Ainsi, l’économie marocaine connaîtrait pour cette année un repli de 5,2% et un éventuel rebond de 4,2% l’année suivante dans l’hypothèse d’une générosité du ciel, ce qui signifie qu’à la fin de 2021, on n’aura pas encore retrouvé le niveau de la richesse de 2019.
Par ailleurs, l’ensemble des indicateurs macro-économiques, à l’exception du taux d’inflation qui resterait à un niveau inférieur à 1%, connaîtraient une dégringolade sans précédent : les exportations accuseraient une baisse de 15,8% globalement, qui concernerait la quasi-totalité des secteurs ; les importations chuteraient de 10,7%, en lien essentiellement avec l’allègement de la facture énergétique et le repli des acquisitions de biens d’équipement ; les recettes de voyages enregistreraient un fort recul qui atteindrait 60% et les transferts des MRE régresseraient de 25% ; les IDE devraient chuter de plus de 50% pour revenir à l’équivalent de 1,5% du PIB ; le déficit budgétaire, hors privatisation, devrait s’aggraver de 4,1% du PIB en 2019 à 7,6% en 2020 suite à une diminution des recettes fiscales et à une augmentation conséquente des dépenses ; l’endettement du Trésor devrait augmenter, passant de 65% du PIB en 2019 à 75,3% en 2020. Sur le plan social et en attendant la publication des résultats de l’enquête trimestrielle du HCP sur l’emploi, tout indique que le taux de chômage connaîtrait une aggravation au cours de cette année avec l’arrivée sur le marché du travail de près de 300.000 nouveaux entrants. D’ores et déjà, une enquête ponctuelle réalisée par le HCP du 1er au 3 avril pour appréhender les retombées de la pandémie sur l’emploi indique une destruction de près de 726.000 postes, soit 20% de la main-d’œuvre occupée dans les entreprises organisées.

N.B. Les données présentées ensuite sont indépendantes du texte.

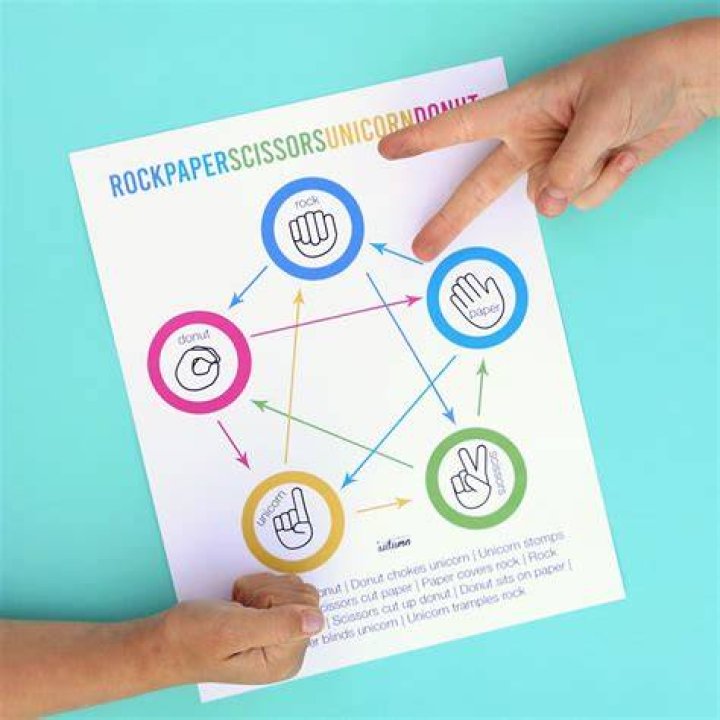 Poly Rock Paper Scissors: The Ultimate Guide to Understanding and Mastering the Game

C’est dans cette conjoncture de forte récession qu’intervient la prochaine Loi rectificative des finances. Le gouvernement va-t-il faire preuve de la même audace que durant la phase précédente ou va-t-il se contenter du «service minimum» en se contentant de la «rectification» en attendant Godot ? Nous pensons, en toute objectivité, que la gravité de la situation doit nous inciter à écarter des solutions a minima. Il ne s’agit pas de procéder à un simple ajustement des dépenses à travers un transfert de lignes budgétaires ou le recours à une austérité débridée pour s’adapter au niveau des recettes courantes. Le pays appelle beaucoup plus que ça : réparer et reconstruire, guérir le mal et relancer l’économie en tirant les leçons, toutes les leçons, de nos erreurs passées, de nos multiples fragilités et de nos dysfonctionnements systémiques. Vu l’originalité de la crise que nous traversons, les mesures à prendre doivent agir à la fois sur l’offre et sur la demande. Le pays a besoin d’un changement de cap qui commencerait d’abord par un changement de méthode. Ainsi, le chef de gouvernement, qui a reçu dernièrement, à sa demande, plus d’une vingtaine de mémorandums émanant de partis politiques et d’organisations syndicales, doit faire preuve d’ouverture d’esprit en intégrant un certain nombre de propositions concrètes dans la LFR. En outre, c’est le moment d’être à l’écoute des partenaires sociaux, pour trouver des compromis positifs et donner du sens au dialogue social afin de créer les conditions propices à une paix sociale durable. C’est aussi le moment de lancer les grandes réformes et de donner un coup d’accélérateur à celles qui sont en cours. La réforme fiscale est plus que jamais à l’ordre du jour. Le gouvernement est là pour proposer, initier, stimuler et maintenir le pays en situation de mobilisation permanente. L’avenir, c’est maintenant qu’il faut le préparer, fût-ce dans la douleur !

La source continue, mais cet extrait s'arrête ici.